Le documentaire “Au boulot !”, réalisé par François Ruffin et Gilles Perret, met en lumière une aventure étonnante pour l’avocate et chroniqueuse Sarah Saldmann. Habituée aux plateaux télévisés et aux débats controversés sur des chaînes comme CNews, Saldmann a accepté de vivre plusieurs semaines dans la peau de Français payés au SMIC. Ce projet est né suite à une de ses déclarations chocs dans l’émission “Les Grandes Gueules”, où elle qualifiait de « feignasses » ceux qui ne travaillent pas et vivent des aides sociales.
L’idée de ce film est née lors d’un plateau télévisé en février 2023, où François Ruffin a confronté Sarah Saldmann à propos de ses propos sur le travail et les assistés. Dans un échange vif, Ruffin l’a mise au défi de vivre pendant un mois avec un salaire au SMIC, une proposition qu’elle a d’abord refusée avant d’y réfléchir davantage. Après plusieurs échanges, notamment lors d’une rencontre fortuite à BFMTV, Saldmann finit par accepter le défi, motivée par l’envie de découvrir une réalité qui lui semblait éloignée de la sienne.
Dans “Au boulot !”, Sarah Saldmann est filmée dans des conditions de travail difficiles, confrontée à des métiers qu’elle n’aurait jamais envisagés. Le tournage s’est étalé sur environ un an, avec des séquences de plusieurs jours réparties dans différentes régions de France. Sans savoir à l’avance ce qui l’attendait, elle a testé divers métiers peu qualifiés et très physiques. Parmi les professions auxquelles elle s’est essayée, on trouve :
- Serveuse
- Livreuse de colis
- Auxiliaire de vie
- Ouvrière en usine
- Technicienne en fibre optique
Chaque poste a apporté son lot de défis, mais c’est le travail en usine, notamment dans une entreprise de transformation de poisson, qui l’a le plus marquée. Elle décrit cette expérience comme “le paroxysme de la difficulté”, avec des conditions physiques éprouvantes, notamment à cause de la répétitivité des tâches et des horaires extrêmement matinaux.

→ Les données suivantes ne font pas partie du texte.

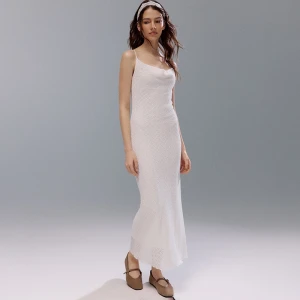 Biała koronkowa sukienka midi na ramiączkach House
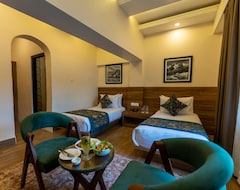 Khách sạn Hotel Firdous (Srinagar, Ấn Độ)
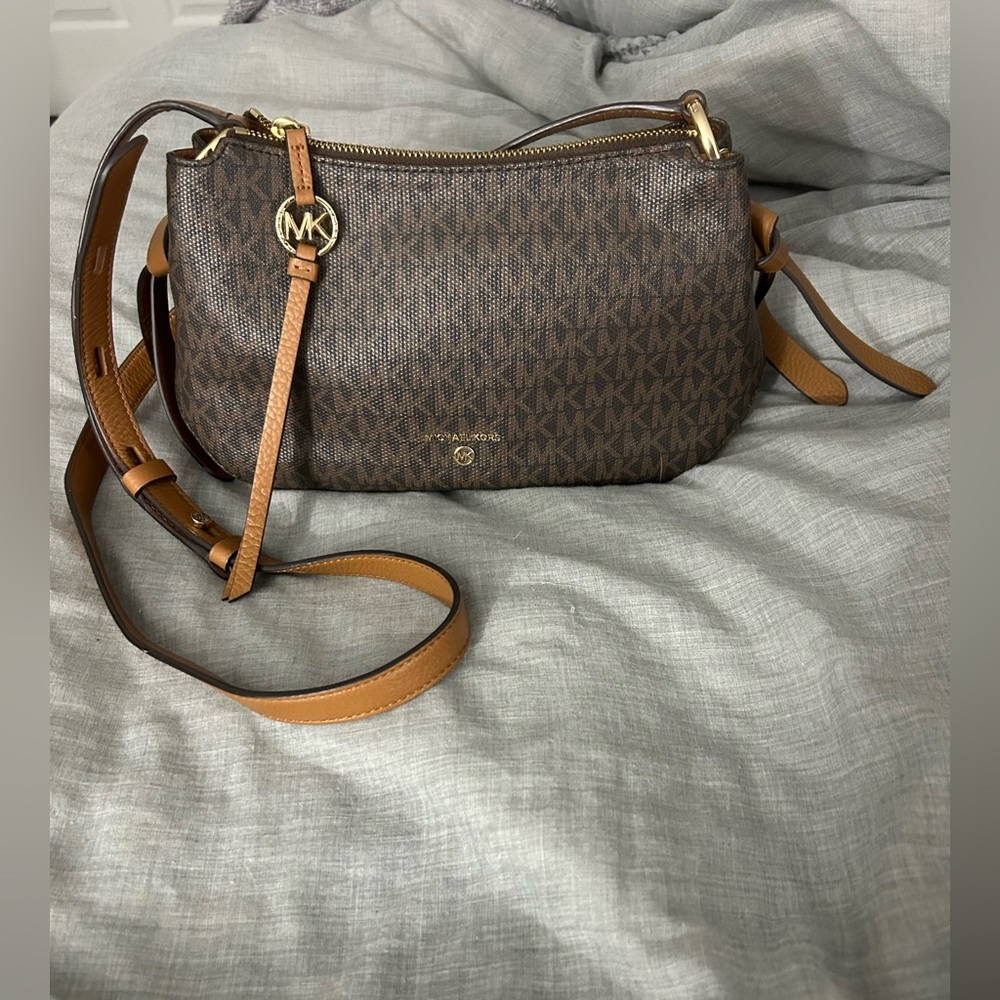 Michael Kors crossbody purse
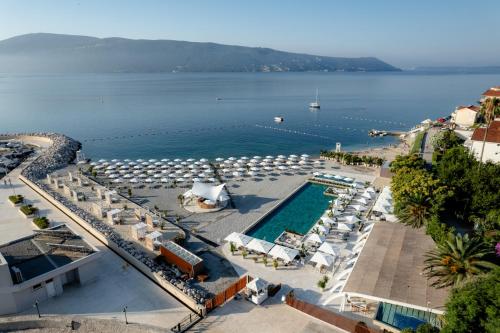 Lazure Marina & Hotel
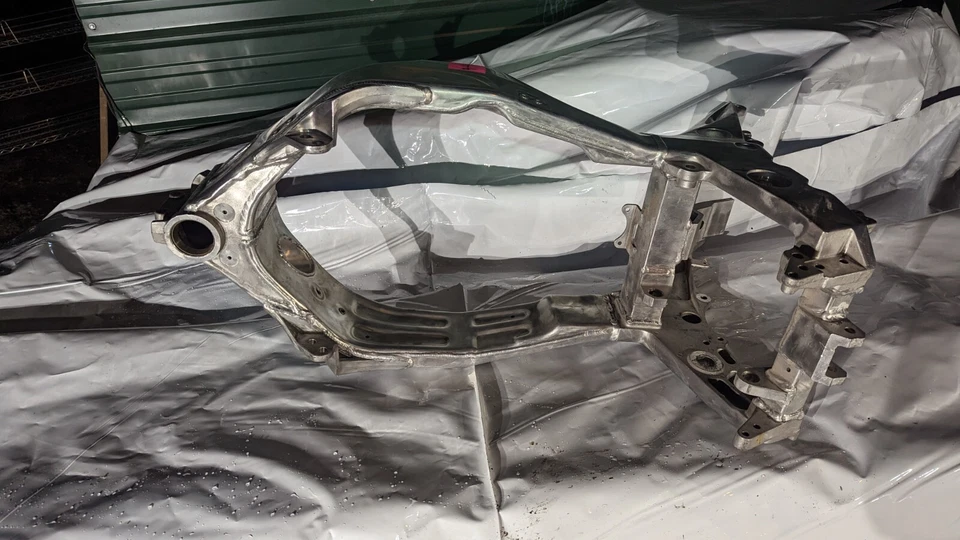 Kawasaki Ninja ZX9 ZX9R ZX900 1994 cuadro principal chasis recto  Foto 4 de 4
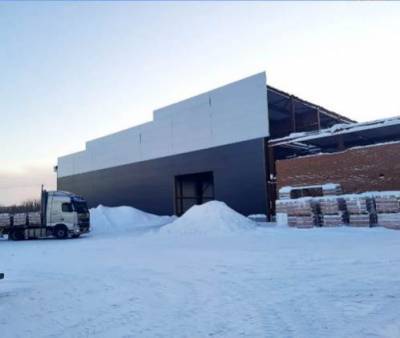 В Кемерове строительство крытого ледового катка в Рудничном районе завершено на 45%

Au début du documentaire, Sarah Saldmann arrive avec ses opinions bien tranchées sur les personnes qui, selon elle, ne font pas assez d’efforts pour travailler. Cependant, au fil des semaines, sa vision évolue. Elle confesse avoir sous-estimé la pénibilité de certains métiers et reconnaît que, même avec la meilleure volonté du monde, il est parfois impossible de continuer à travailler dans de telles conditions.
Elle explique notamment que son passage à l’usine lui a ouvert les yeux sur les réalités du travail physique. “Quand on est en bonne santé, c’est déjà dur. Alors, avec une angine ou un rhume, je comprends totalement que ce soit encore plus compliqué”, déclare-t-elle dans une interview sur le tournage du documentaire. Cette prise de conscience marque un tournant dans sa perception des travailleurs précaires.
Au-delà de la simple immersion de Sarah Saldmann dans le monde des travailleurs au SMIC, “Au boulot !” met en avant des problématiques plus larges liées à la précarité et aux inégalités sociales. François Ruffin utilise l’histoire de Saldmann comme point d’entrée pour sensibiliser le public à la vie de millions de Français qui peinent à joindre les deux bouts.
Le film aborde aussi le sujet de la réinsertion sociale, mais dans un sens détourné : celui de la réinsertion des riches. Ruffin joue avec cette idée en montrant combien ceux qui sont déconnectés des réalités de la pauvreté gagneraient à découvrir ce que signifie réellement travailler pour un salaire minimum.
François Ruffin a souvent utilisé l’ironie et la satire pour faire passer ses messages, et “Au boulot !” ne fait pas exception. Le documentaire questionne la notion de privilège et la déconnexion de certaines élites face aux réalités du quotidien de nombreux travailleurs. Il invite à se demander si les élites économiques et politiques ne devraient pas, elles aussi, expérimenter la vie des classes populaires pour mieux comprendre leurs difficultés.
Sarah Saldmann a suscité la polémique par ses prises de position tranchées sur les plateaux télévisés, notamment concernant l’assistanat et la responsabilité individuelle. Son rôle dans “Au boulot !” a divisé, notamment au sein de la sphère politique. La députée européenne LFI, Rima Hassan, a même déclaré vouloir boycotter le film, arguant que les positions de Saldmann sur le conflit israélo-palestinien ne la rendaient pas légitime pour apparaître dans un tel projet.
Malgré les critiques, François Ruffin insiste sur le fait que le film ne porte pas sur la personne de Saldmann, mais sur la condition des travailleurs en France. Il souhaite avant tout mettre en lumière des réalités invisibles, que les médias traditionnels ne montrent que trop peu.